JC / Railbird

Statistics

Breeders’ Cup Stats

Winners win: 48% of Breeders’ Cup winners in the past 10 years won their final prep race, according to Jon White’s research, and 86% finished in the money. Of course, most Breeders’ Cup starters are coming off strong performances — in 2012, 28 of 59 runners on BC Friday won their last race (43 were in the money), and 41 of 103 on Saturday did (75 were ITM). In 2011, 29 of 69 runners on BC Friday won their previous starts (55 were ITM), and 40 of 104 on Saturday were winners (80 were ITM).

New York wins? Heading into last year’s Breeders’ Cup, starters coming off a prep race in New York didn’t have a great record in Arcadia. In the five previous Breeders’ Cup runnings at Santa Anita, 17 New York-prepped horses finished in the money, and only one won.

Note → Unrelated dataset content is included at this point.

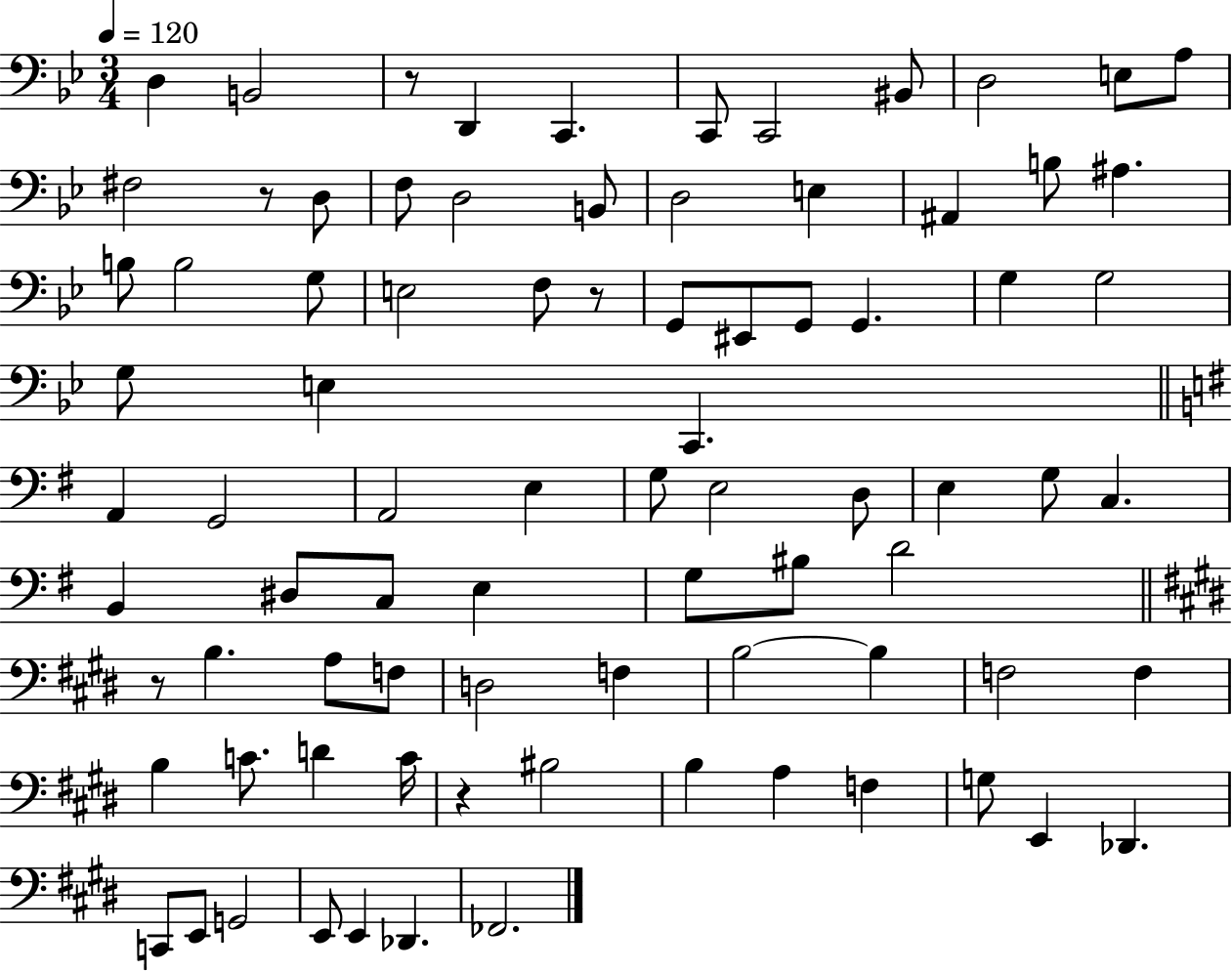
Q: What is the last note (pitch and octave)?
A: FES2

In 2012, though, horses who prepped in New York won two races on BC Friday, and four races on Saturday. Another four finished second or third on Friday, while five did the same on Saturday, out of a total of 11 New York starters on Friday and 25 on Saturday. The Classic was a particularly New York affair — the top four finishers all last raced in the Jockey Club Gold Cup or the Woodward.

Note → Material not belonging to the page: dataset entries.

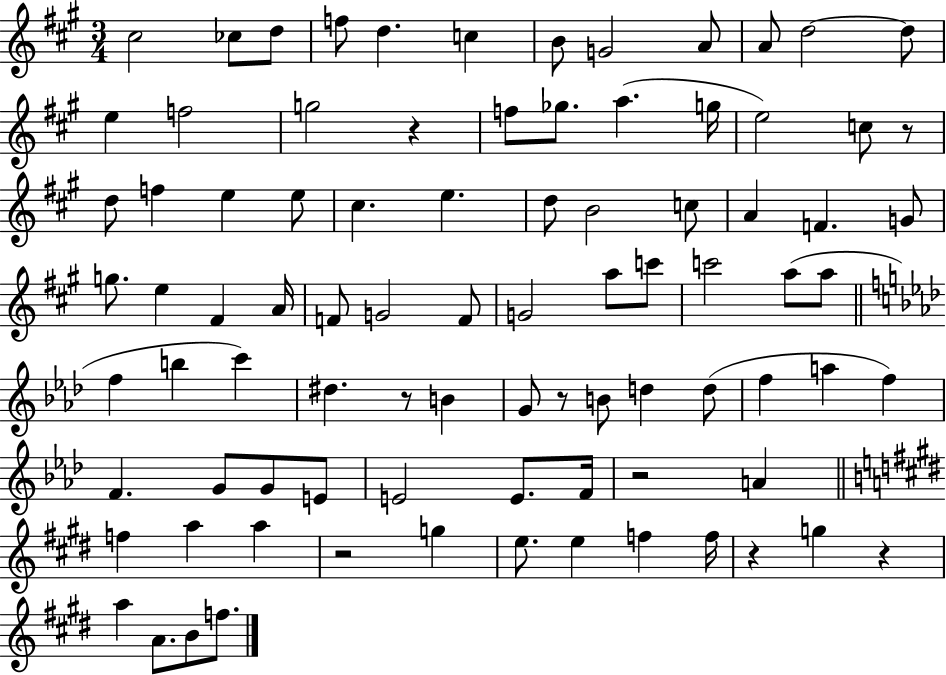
{
  \clef treble
  \numericTimeSignature
  \time 3/4
  \key a \major
  cis''2 ces''8 d''8 | f''8 d''4. c''4 | b'8 g'2 a'8 | a'8 d''2~~ d''8 | \break e''4 f''2 | g''2 r4 | f''8 ges''8. a''4.( g''16 | e''2) c''8 r8 | \break d''8 f''4 e''4 e''8 | cis''4. e''4. | d''8 b'2 c''8 | a'4 f'4. g'8 | \break g''8. e''4 fis'4 a'16 | f'8 g'2 f'8 | g'2 a''8 c'''8 | c'''2 a''8( a''8 | \break \bar "||" \break \key f \minor f''4 b''4 c'''4) | dis''4. r8 b'4 | g'8 r8 b'8 d''4 d''8( | f''4 a''4 f''4) | \break f'4. g'8 g'8 e'8 | e'2 e'8. f'16 | r2 a'4 | \bar "||" \break \key e \major f''4 a''4 a''4 | r2 g''4 | e''8. e''4 f''4 f''16 | r4 g''4 r4 | \break a''4 a'8. b'8 f''8. | \bar "|."
}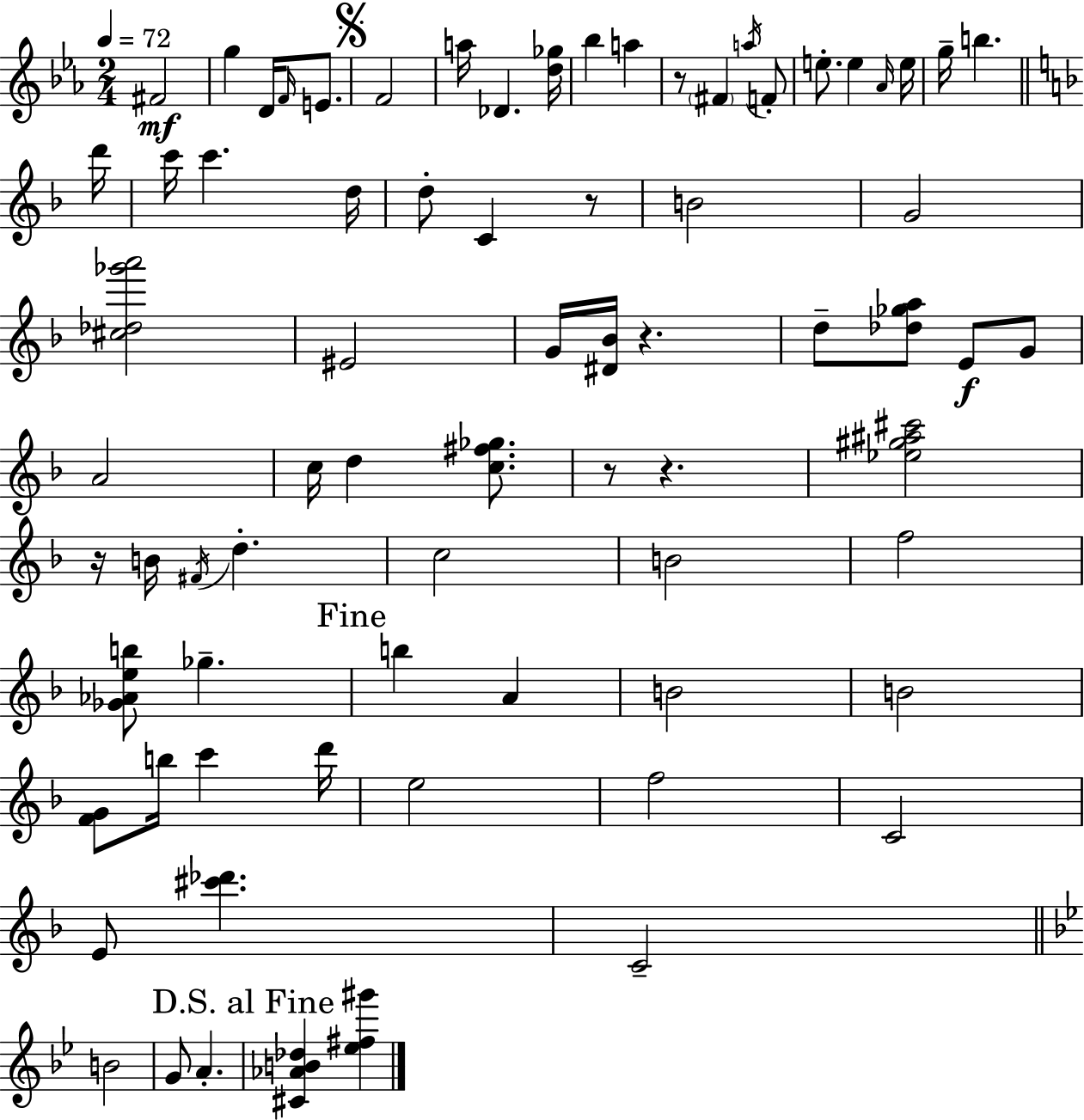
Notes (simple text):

F#4/h G5/q D4/s F4/s E4/e. F4/h A5/s Db4/q. [D5,Gb5]/s Bb5/q A5/q R/e F#4/q A5/s F4/e E5/e. E5/q Ab4/s E5/s G5/s B5/q. D6/s C6/s C6/q. D5/s D5/e C4/q R/e B4/h G4/h [C#5,Db5,Gb6,A6]/h EIS4/h G4/s [D#4,Bb4]/s R/q. D5/e [Db5,Gb5,A5]/e E4/e G4/e A4/h C5/s D5/q [C5,F#5,Gb5]/e. R/e R/q. [Eb5,G#5,A#5,C#6]/h R/s B4/s F#4/s D5/q. C5/h B4/h F5/h [Gb4,Ab4,E5,B5]/e Gb5/q. B5/q A4/q B4/h B4/h [F4,G4]/e B5/s C6/q D6/s E5/h F5/h C4/h E4/e [C#6,Db6]/q. C4/h B4/h G4/e A4/q. [C#4,Ab4,B4,Db5]/q [Eb5,F#5,G#6]/q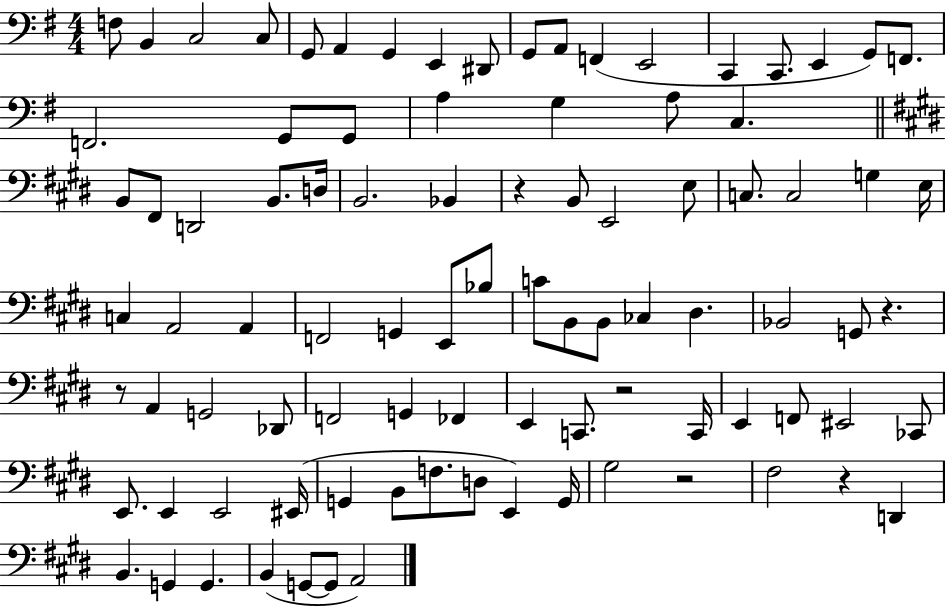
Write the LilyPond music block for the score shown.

{
  \clef bass
  \numericTimeSignature
  \time 4/4
  \key g \major
  \repeat volta 2 { f8 b,4 c2 c8 | g,8 a,4 g,4 e,4 dis,8 | g,8 a,8 f,4( e,2 | c,4 c,8. e,4 g,8) f,8. | \break f,2. g,8 g,8 | a4 g4 a8 c4. | \bar "||" \break \key e \major b,8 fis,8 d,2 b,8. d16 | b,2. bes,4 | r4 b,8 e,2 e8 | c8. c2 g4 e16 | \break c4 a,2 a,4 | f,2 g,4 e,8 bes8 | c'8 b,8 b,8 ces4 dis4. | bes,2 g,8 r4. | \break r8 a,4 g,2 des,8 | f,2 g,4 fes,4 | e,4 c,8. r2 c,16 | e,4 f,8 eis,2 ces,8 | \break e,8. e,4 e,2 eis,16( | g,4 b,8 f8. d8 e,4) g,16 | gis2 r2 | fis2 r4 d,4 | \break b,4. g,4 g,4. | b,4( g,8~~ g,8 a,2) | } \bar "|."
}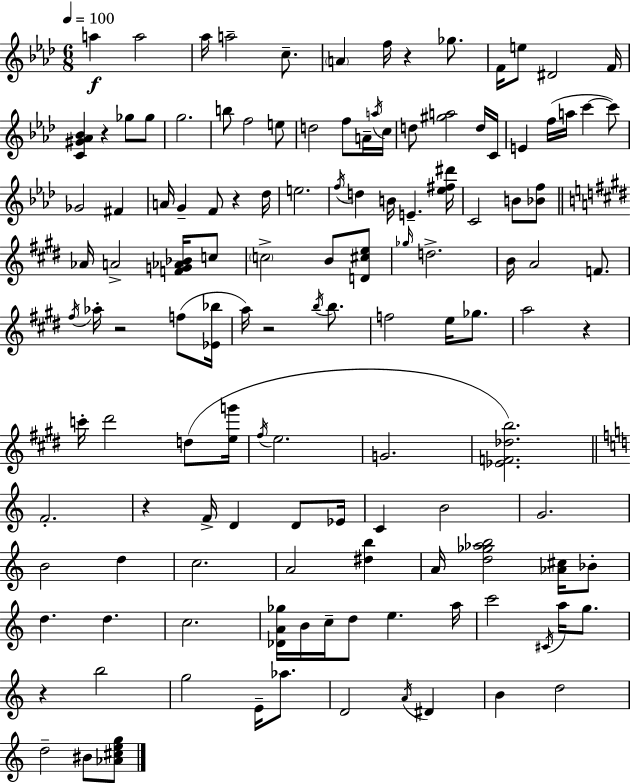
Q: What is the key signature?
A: AES major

Stats and charts for every Breeders’ Cup are available here.

Pletcher Baby ROI

Everyone knows that trainer Todd Pletcher is dominant is Saratoga juvenile races, but he’s profitable, too, in certain scenarios: His five-year win stat for first-time starters in dirt sprint maiden special weights is 32%, with an ROI of $2.57. In the same conditions, restricted to state-breds, he’s 46%, with an ROI of $3.25. “Perhaps the time to take down a Pletcher juvenile firster is in maiden special weight turf routes,” writes Dan Illman, who pulled the preceding numbers from DRF Formulator. Good luck getting a big price in any circumstance, though: The longest juvenile shot Pletcher has won at Saratoga with in the past five years is Interactif, in the 2009 With Anticipation. He was 16-1 at post time. The only other Pletcher winner with double-digit odds was Lawn Man, in a 2012 six-furlong MSW. He was 10-1 going into the gate.

In the Money

Courtesy Churchill Downs: Kentucky Derby trainer records 1898-2012 (PDF).

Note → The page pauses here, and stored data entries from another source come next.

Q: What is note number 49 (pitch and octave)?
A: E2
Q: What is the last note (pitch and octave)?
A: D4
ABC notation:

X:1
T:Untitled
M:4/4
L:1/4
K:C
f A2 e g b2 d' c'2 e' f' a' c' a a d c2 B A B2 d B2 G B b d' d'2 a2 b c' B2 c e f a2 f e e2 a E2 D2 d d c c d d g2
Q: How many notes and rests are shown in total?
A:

Among the stats included in the file linked above are most starts and most wins by trainer. Considering just currently active trainers, both lists are topped by D. Wayne Lukas, who’s had 45 starters and four wins in 31 years. Bob Baffert is second in wins, with three from 23 starters in 16 years. Those two are also the leaders with Derby starters finishing in the money — 35% of Baffert starters have hit the board, 22% of Lukas’ starters. Todd Pletcher is second to Lukas in total number of starters, with 31 in 12 years, but fourth, with 13%, when it comes to finishing in the money.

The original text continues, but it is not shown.